Captioned web images:
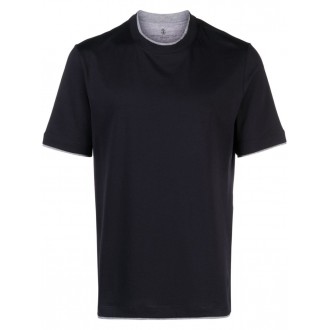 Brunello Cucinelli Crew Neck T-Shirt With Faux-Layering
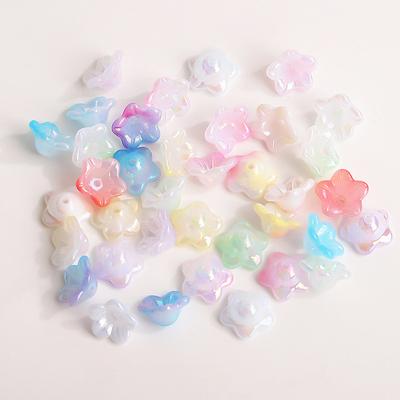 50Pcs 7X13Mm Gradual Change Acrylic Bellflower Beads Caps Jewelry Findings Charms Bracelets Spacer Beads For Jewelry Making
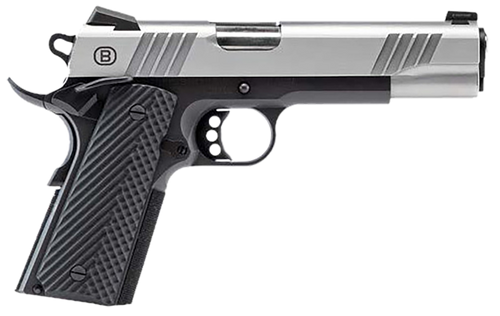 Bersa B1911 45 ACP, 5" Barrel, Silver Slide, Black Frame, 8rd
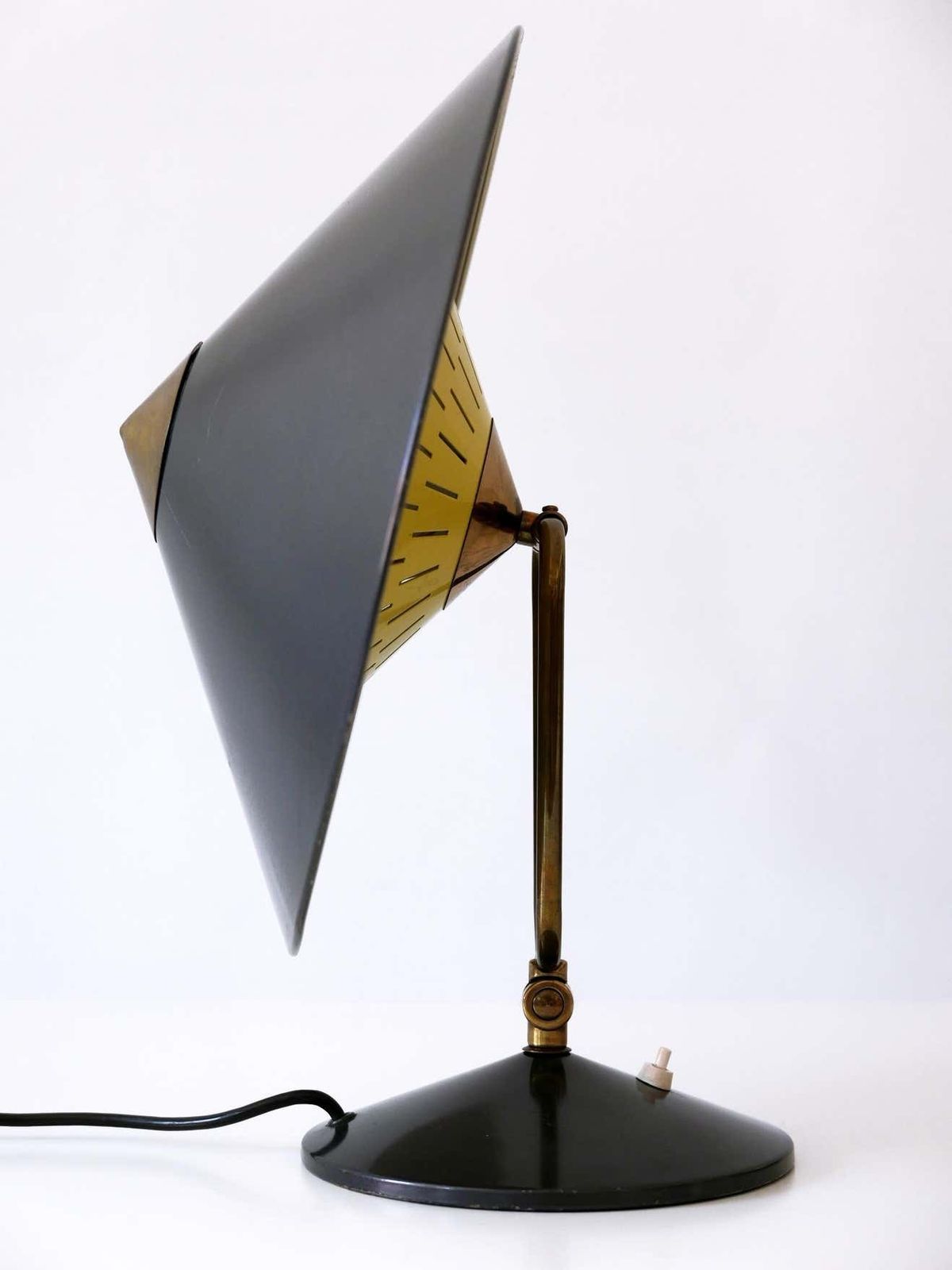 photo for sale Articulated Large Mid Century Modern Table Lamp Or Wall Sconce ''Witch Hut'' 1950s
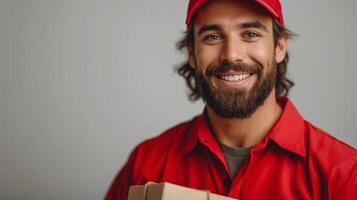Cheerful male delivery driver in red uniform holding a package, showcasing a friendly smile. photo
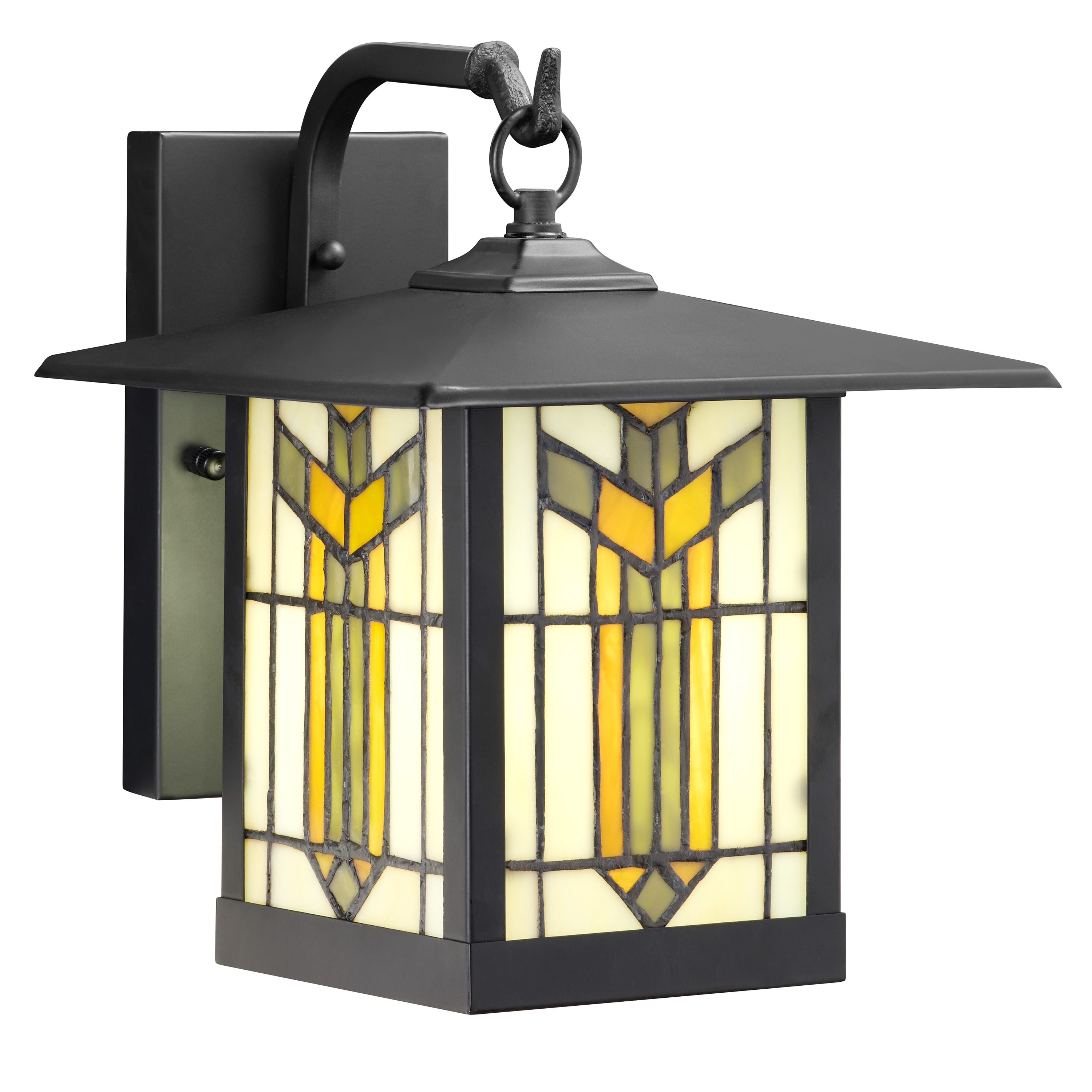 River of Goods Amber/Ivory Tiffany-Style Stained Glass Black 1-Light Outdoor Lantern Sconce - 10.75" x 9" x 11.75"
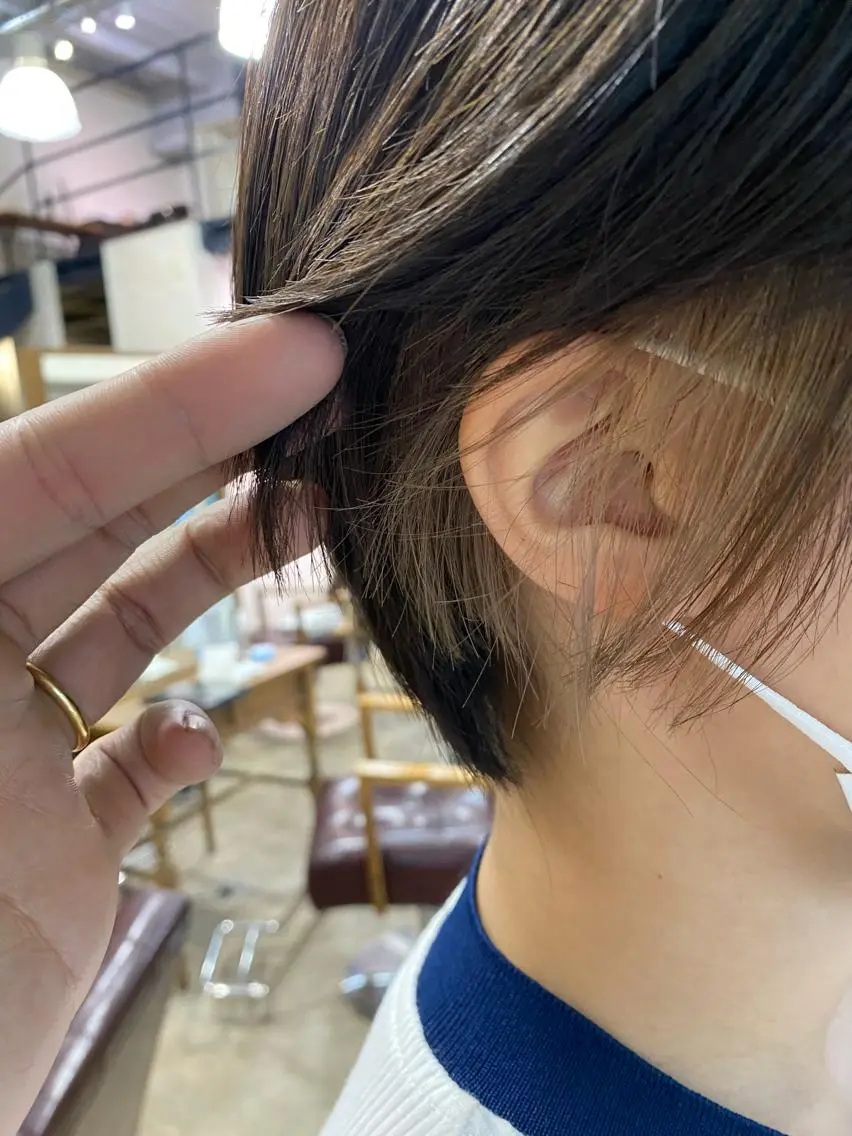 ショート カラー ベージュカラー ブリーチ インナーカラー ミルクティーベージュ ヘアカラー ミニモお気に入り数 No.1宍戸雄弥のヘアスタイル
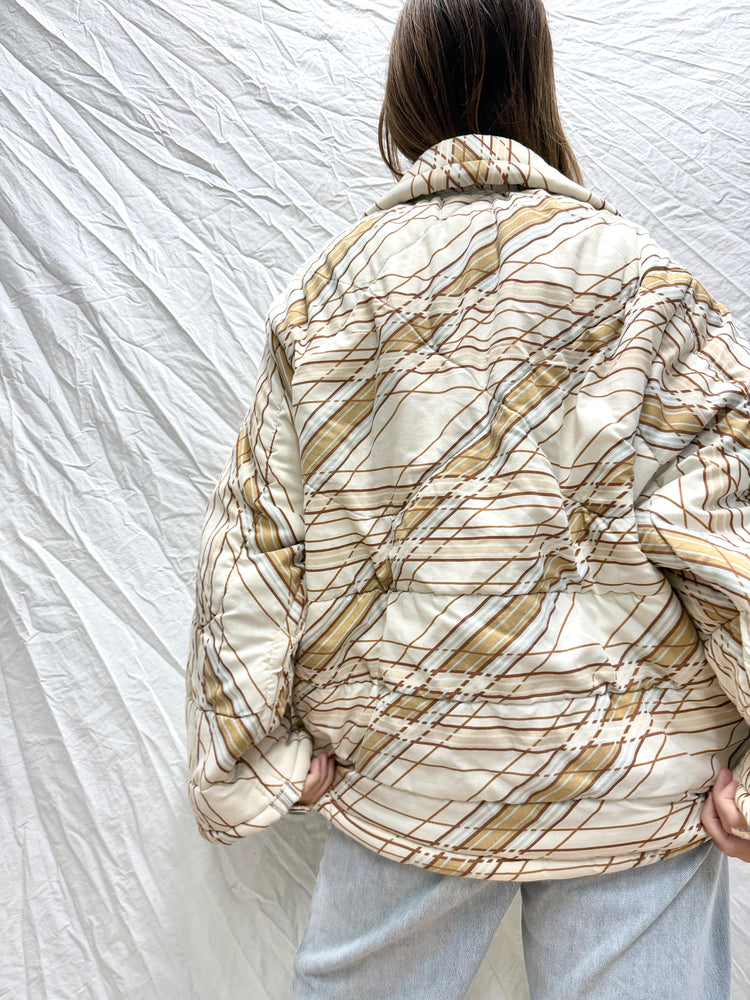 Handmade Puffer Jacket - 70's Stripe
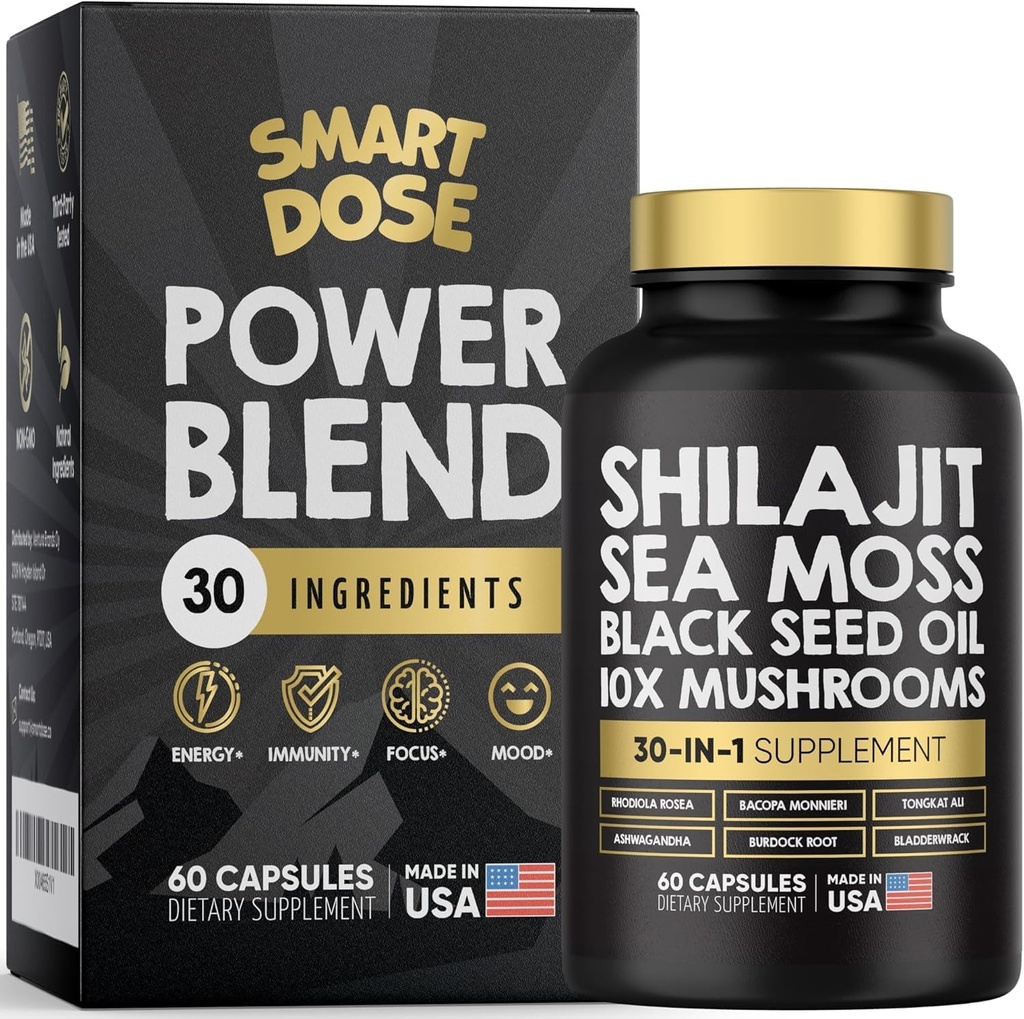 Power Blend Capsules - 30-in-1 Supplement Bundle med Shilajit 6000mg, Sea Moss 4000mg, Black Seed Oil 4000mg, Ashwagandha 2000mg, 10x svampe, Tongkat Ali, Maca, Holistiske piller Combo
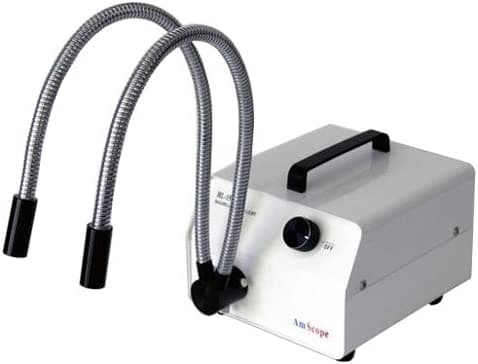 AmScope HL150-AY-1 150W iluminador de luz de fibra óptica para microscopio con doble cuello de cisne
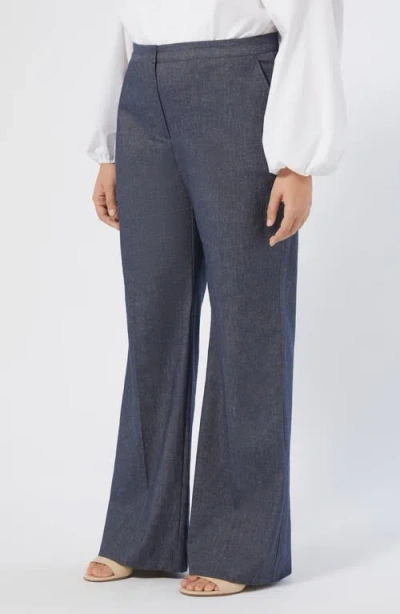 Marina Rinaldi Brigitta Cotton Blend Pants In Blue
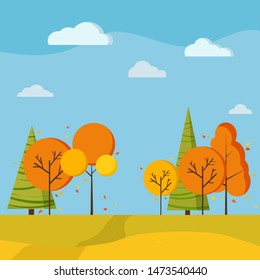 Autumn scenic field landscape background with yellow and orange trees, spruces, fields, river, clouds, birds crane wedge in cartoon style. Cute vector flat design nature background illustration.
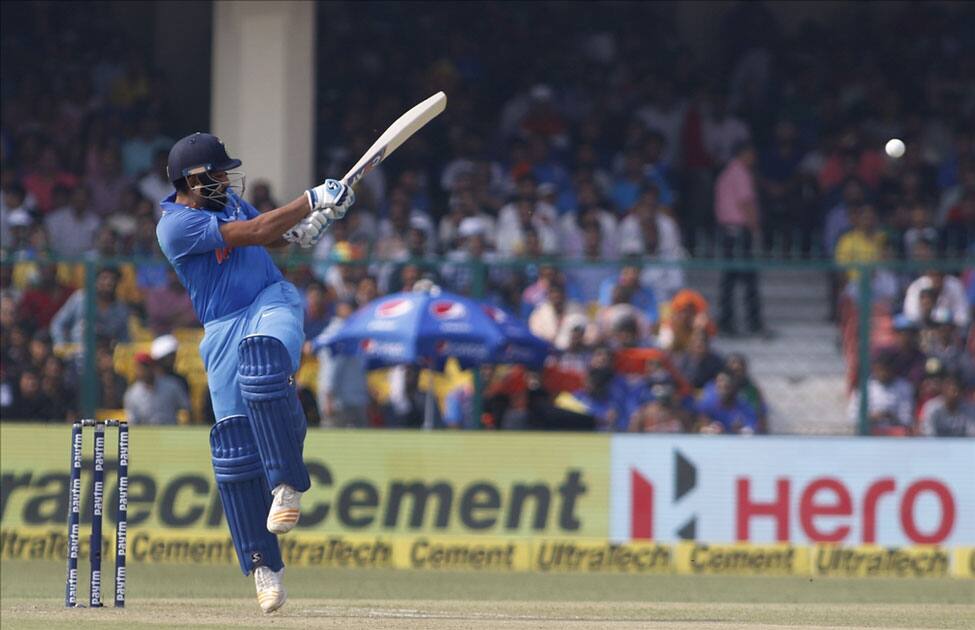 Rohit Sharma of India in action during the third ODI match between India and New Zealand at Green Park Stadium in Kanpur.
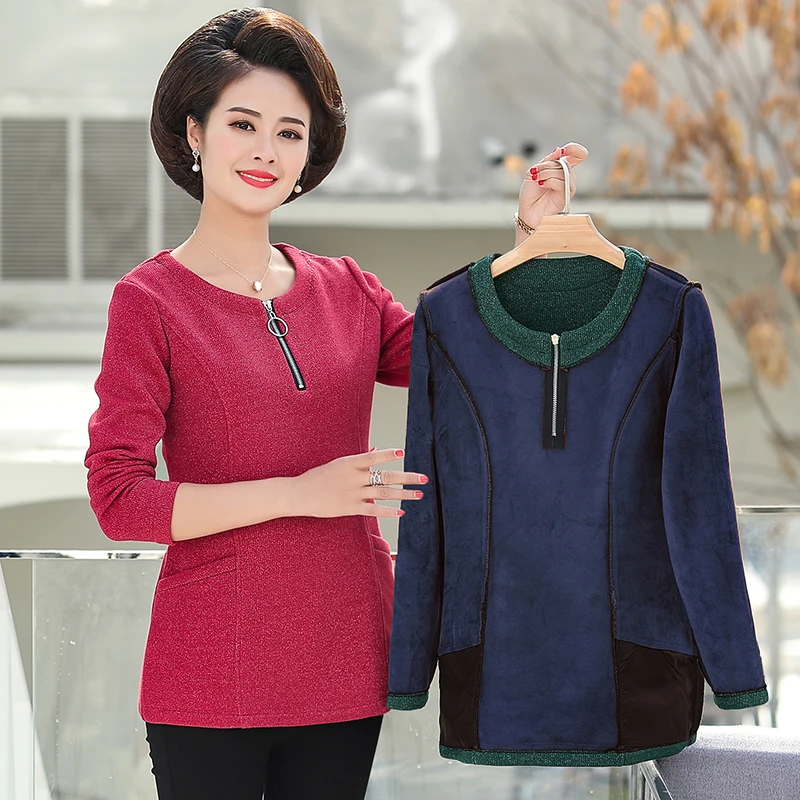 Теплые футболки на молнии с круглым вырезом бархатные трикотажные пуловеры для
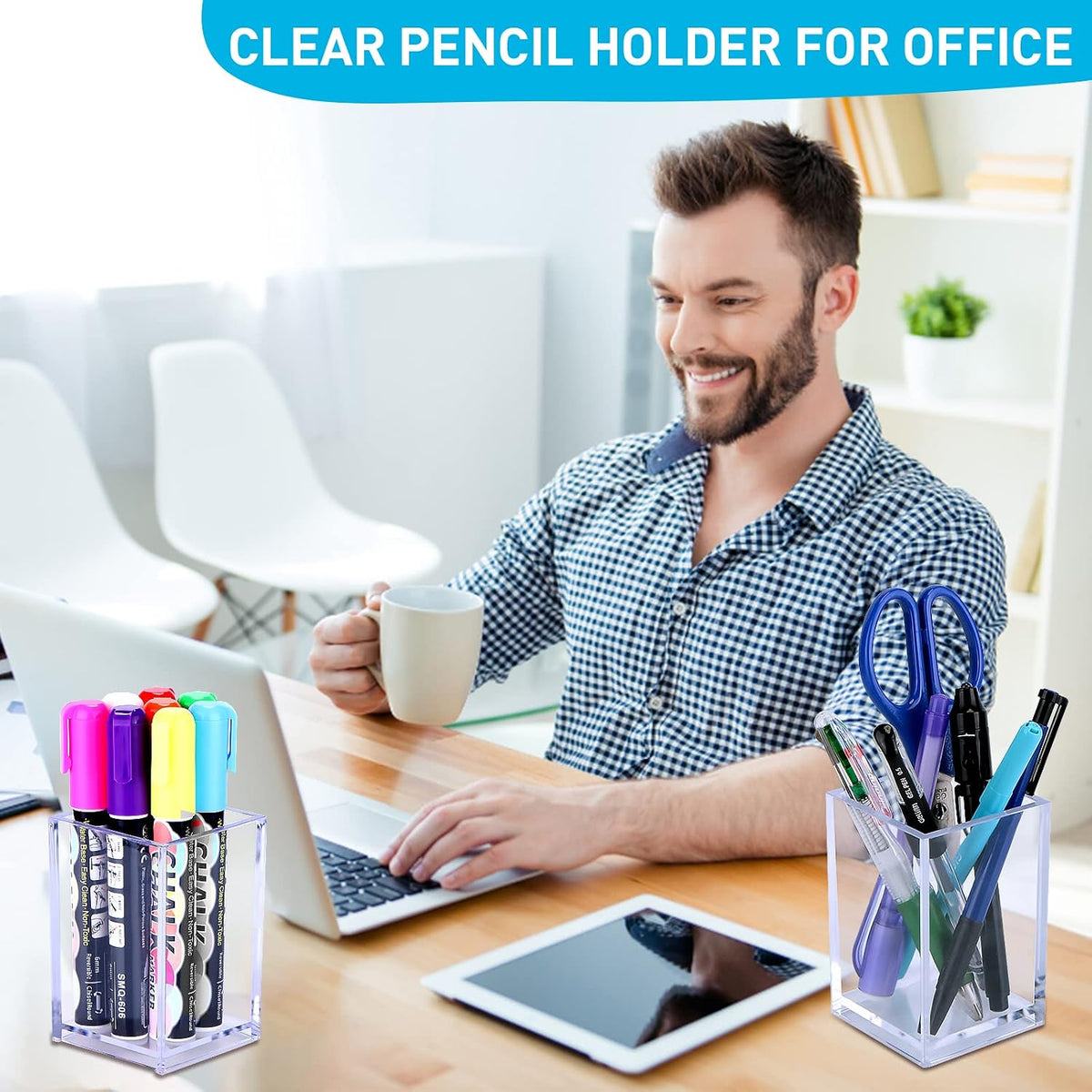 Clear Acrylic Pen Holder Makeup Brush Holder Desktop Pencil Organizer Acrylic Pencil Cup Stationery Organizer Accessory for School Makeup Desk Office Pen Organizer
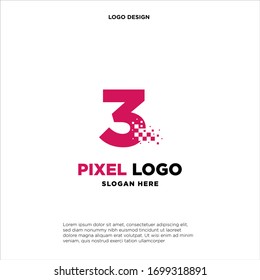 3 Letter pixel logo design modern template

Assignment: Pictures aside, give the data again exactly as it appears.

Finished task:
 Brunello Cucinelli Crew Neck T-Shirt With Faux-Layering
 50Pcs 7X13Mm Gradual Change Acrylic Bellflower Beads Caps Jewelry Findings Charms Bracelets Spacer Beads For Jewelry Making
 Bersa B1911 45 ACP, 5" Barrel, Silver Slide, Black Frame, 8rd
 photo for sale Articulated Large Mid Century Modern Table Lamp Or Wall Sconce ''Witch Hut'' 1950s
Cheerful male delivery driver in red uniform holding a package, showcasing a friendly smile. photo
 River of Goods Amber/Ivory Tiffany-Style Stained Glass Black 1-Light Outdoor Lantern Sconce - 10.75" x 9" x 11.75"
 ショート カラー ベージュカラー ブリーチ インナーカラー ミルクティーベージュ ヘアカラー ミニモお気に入り数 No.1宍戸雄弥のヘアスタイル
 Handmade Puffer Jacket - 70's Stripe
 Power Blend Capsules - 30-in-1 Supplement Bundle med Shilajit 6000mg, Sea Moss 4000mg, Black Seed Oil 4000mg, Ashwagandha 2000mg, 10x svampe, Tongkat Ali, Maca, Holistiske piller Combo
 AmScope HL150-AY-1 150W iluminador de luz de fibra óptica para microscopio con doble cuello de cisne
 Marina Rinaldi Brigitta Cotton Blend Pants In Blue
 Autumn scenic field landscape background with yellow and orange trees, spruces, fields, river, clouds, birds crane wedge in cartoon style. Cute vector flat design nature background illustration.
 Rohit Sharma of India in action during the third ODI match between India and New Zealand at Green Park Stadium in Kanpur.
 Теплые футболки на молнии с круглым вырезом бархатные трикотажные пуловеры для
 Clear Acrylic Pen Holder Makeup Brush Holder Desktop Pencil Organizer Acrylic Pencil Cup Stationery Organizer Accessory for School Makeup Desk Office Pen Organizer
 3 Letter pixel logo design modern template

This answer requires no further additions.